- [What this task involves]: Give the lines below again, exactly as they stand, and leave out the images.

- [Records provided]:
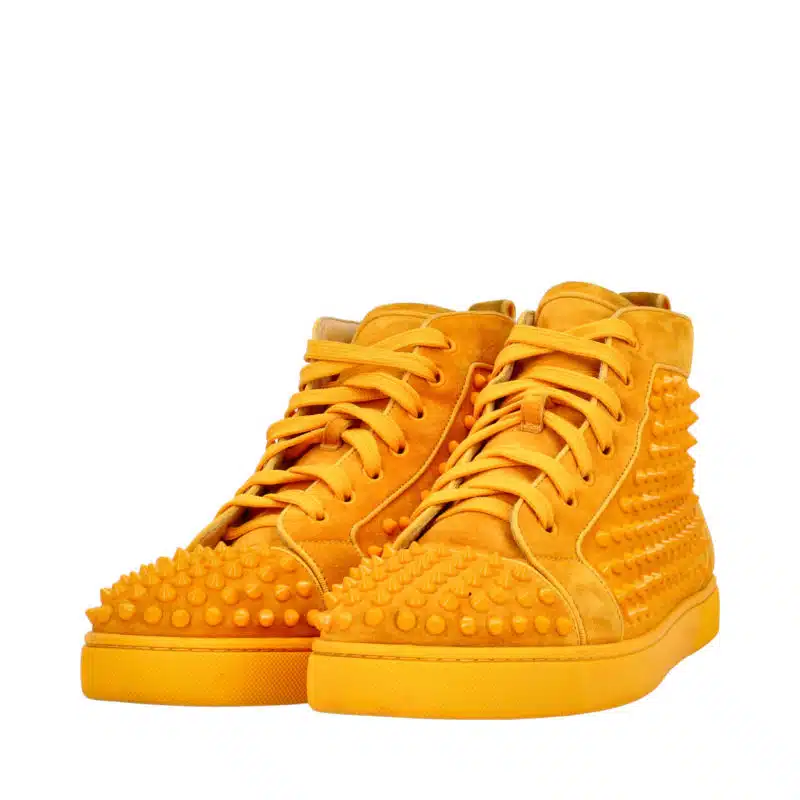 CHRISTIAN Suede Spikes High Top Yellow Luxity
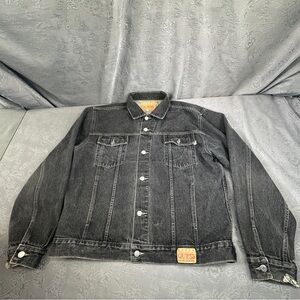 Guess Jean Jacket XXL Dark Gray Button Up Denim 90s Y2K Distressed 50”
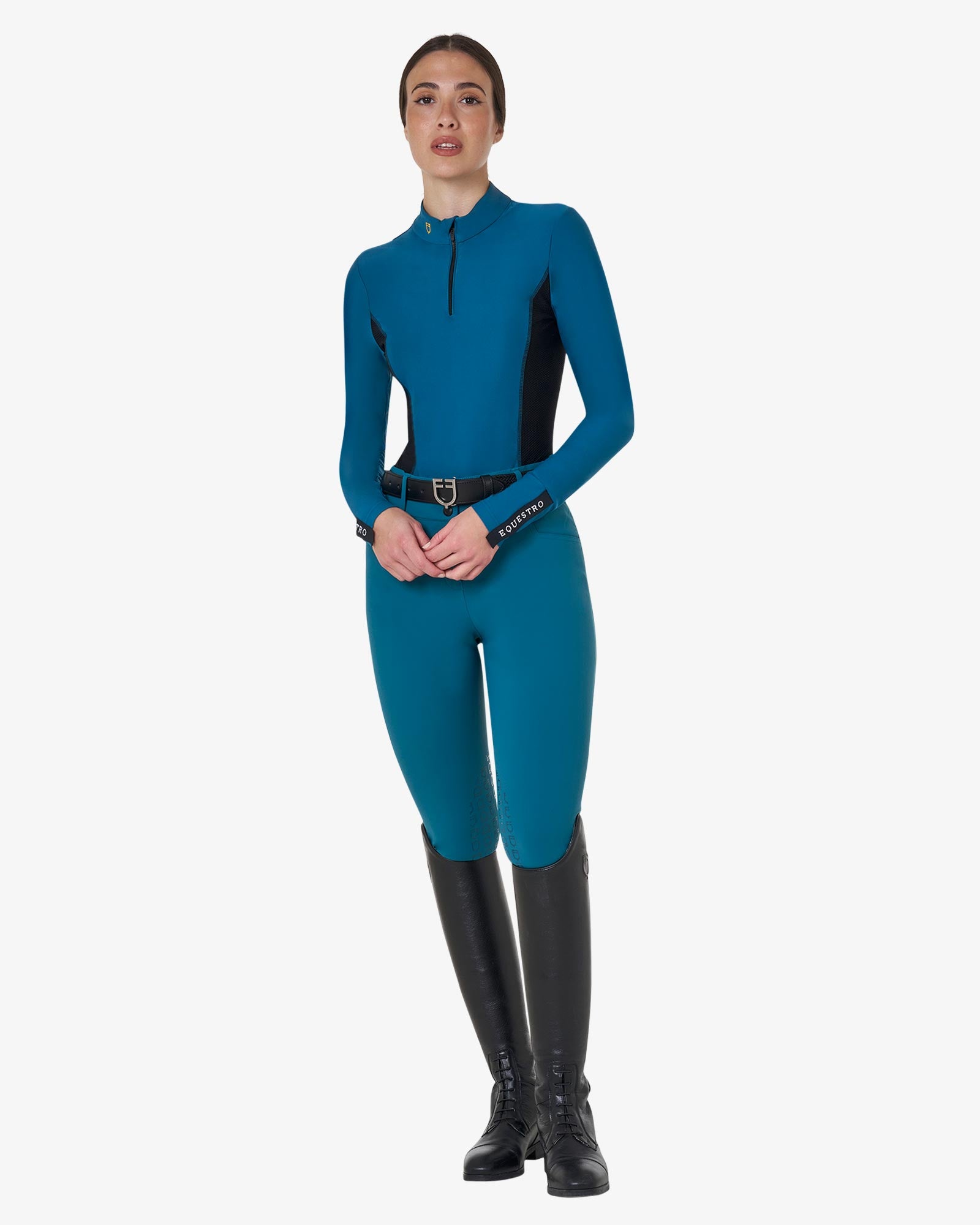 Equestro Women's High Waisted Knee Grip Breeches Blue Coral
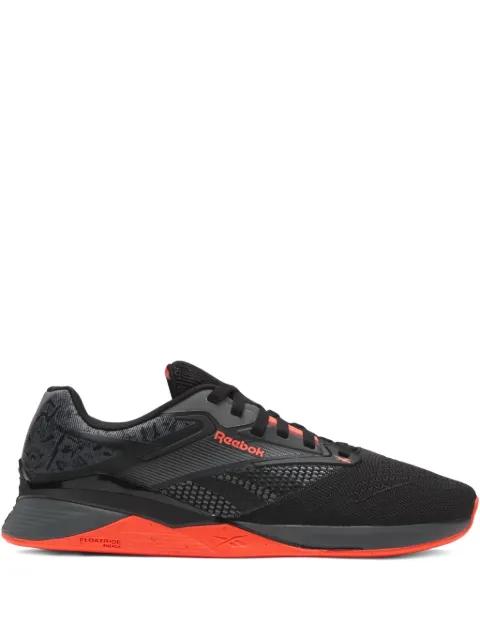 Nano X4 "Black/Orange" sneakers by REEBOK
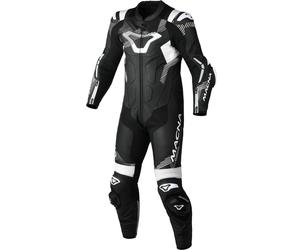 Macna Armadyl perforated One Piece Motorcycle Leather Suit, black/white, size 56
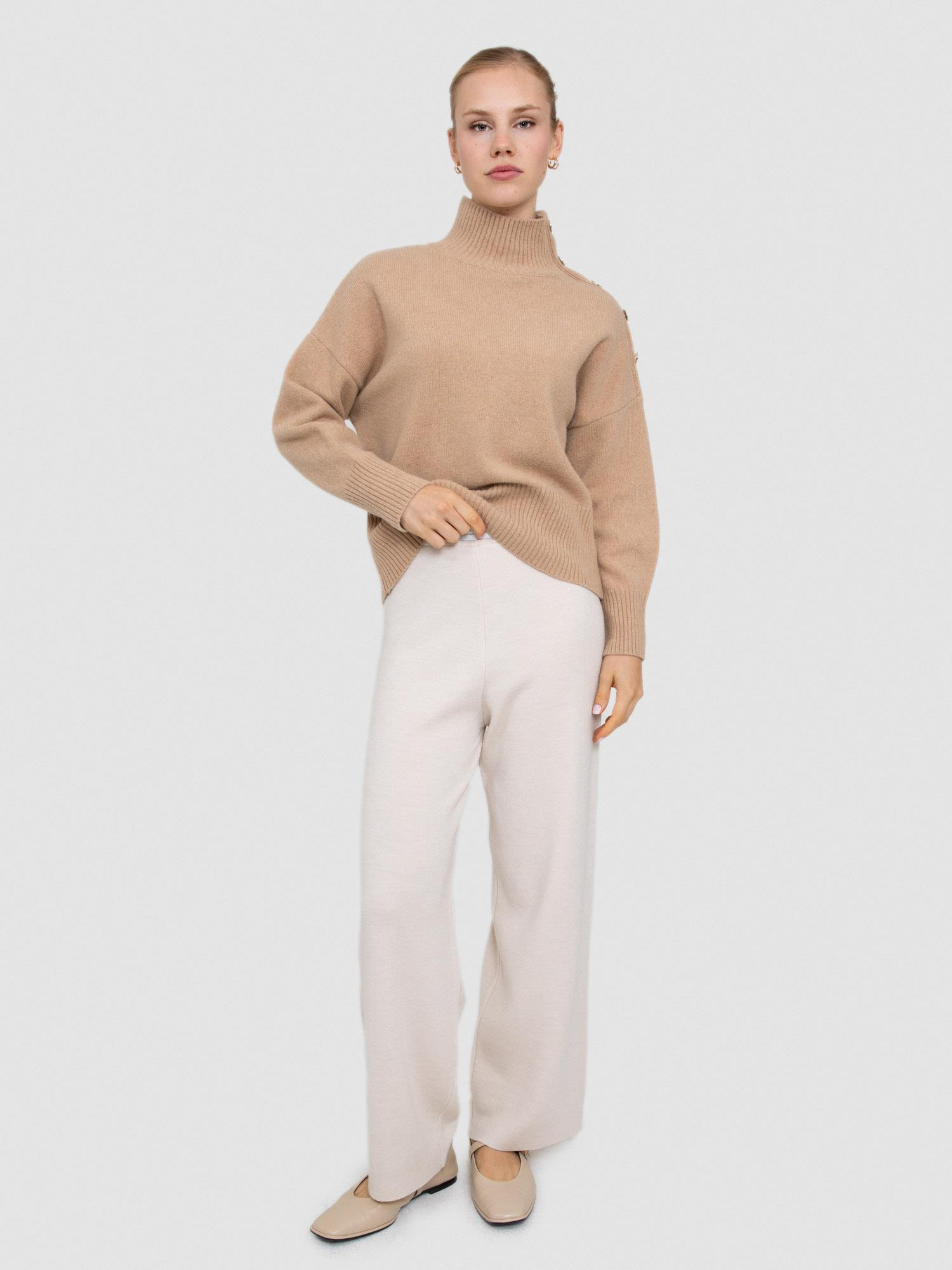 Kaşmir ve Yün Karışımlı Balıkçı Yaka Düğme Detaylı Kazak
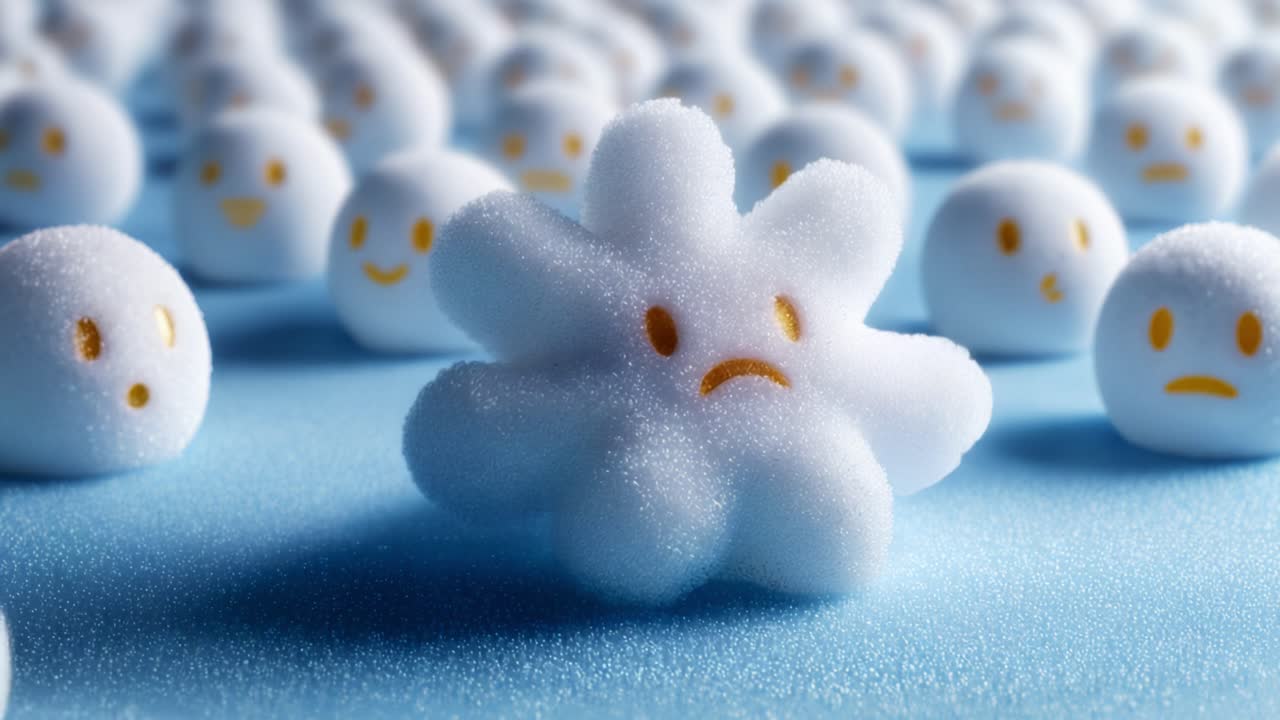 A Distressed Snowflake Surrounded by Expressionless Snowballs: A Visual Metaphor for Isolation and Emotion in a Sea of Indifference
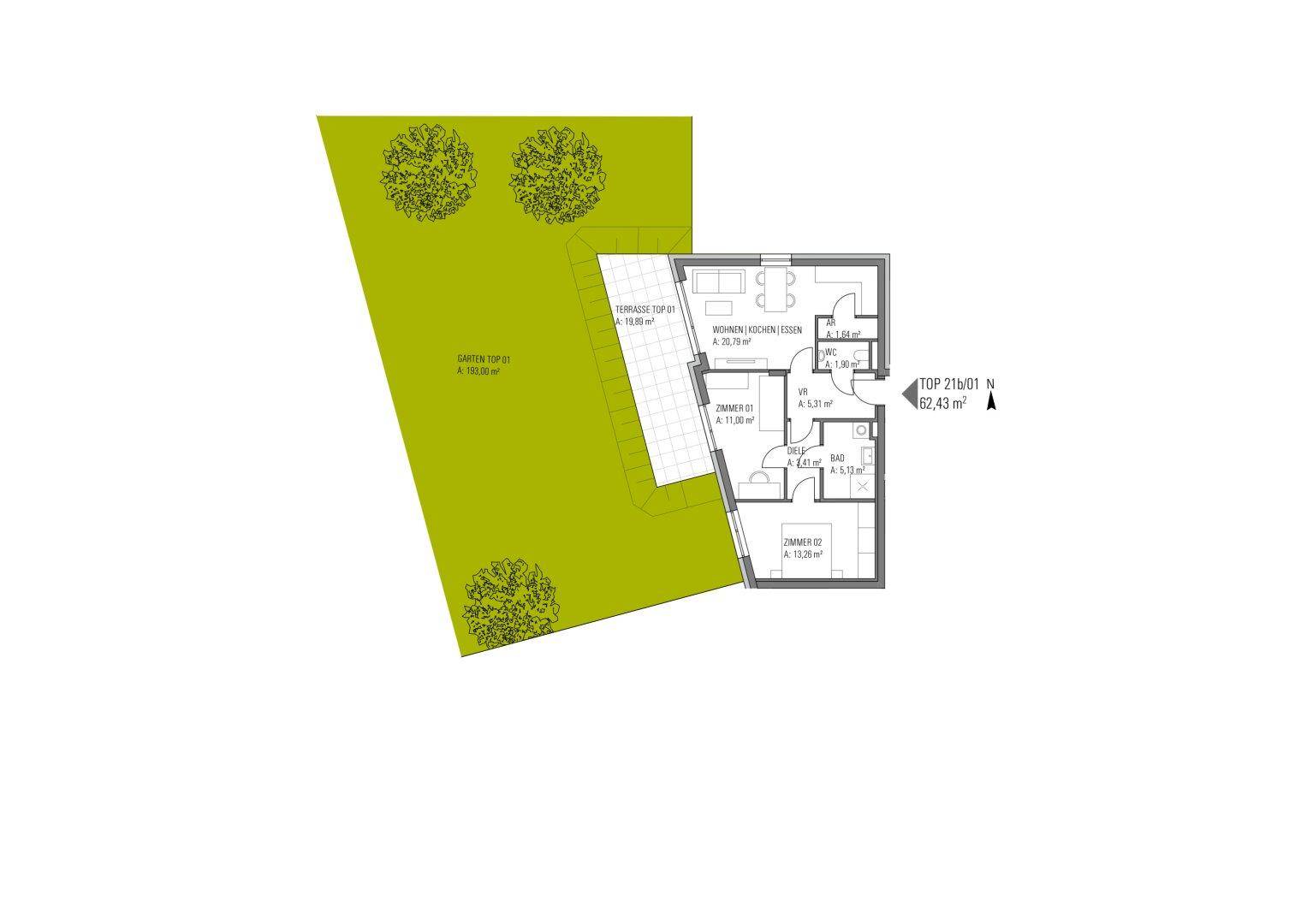 Grundriss einer Erdgeschosswohnung mit offenem Wohnbereich, Schlafzimmer und großem Garten.
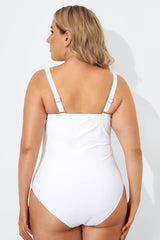 White Fringe One-Piece Swimsuits for Lady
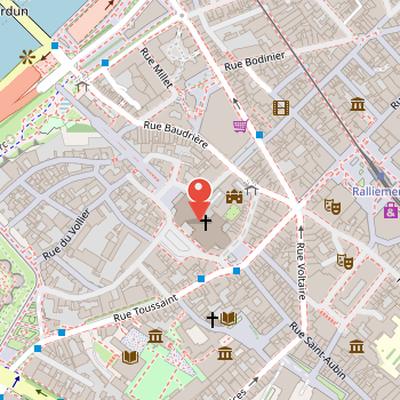 Map showing the location of Angers Cathedral in Angers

- [Result of the exercise]:
 CHRISTIAN Suede Spikes High Top Yellow Luxity
 Guess Jean Jacket XXL Dark Gray Button Up Denim 90s Y2K Distressed 50”
 Equestro Women's High Waisted Knee Grip Breeches Blue Coral
 Nano X4 "Black/Orange" sneakers by REEBOK
 Macna Armadyl perforated One Piece Motorcycle Leather Suit, black/white, size 56
 Kaşmir ve Yün Karışımlı Balıkçı Yaka Düğme Detaylı Kazak
 A Distressed Snowflake Surrounded by Expressionless Snowballs: A Visual Metaphor for Isolation and Emotion in a Sea of Indifference
 Grundriss einer Erdgeschosswohnung mit offenem Wohnbereich, Schlafzimmer und großem Garten.
 White Fringe One-Piece Swimsuits for Lady
 Map showing the location of Angers Cathedral in Angers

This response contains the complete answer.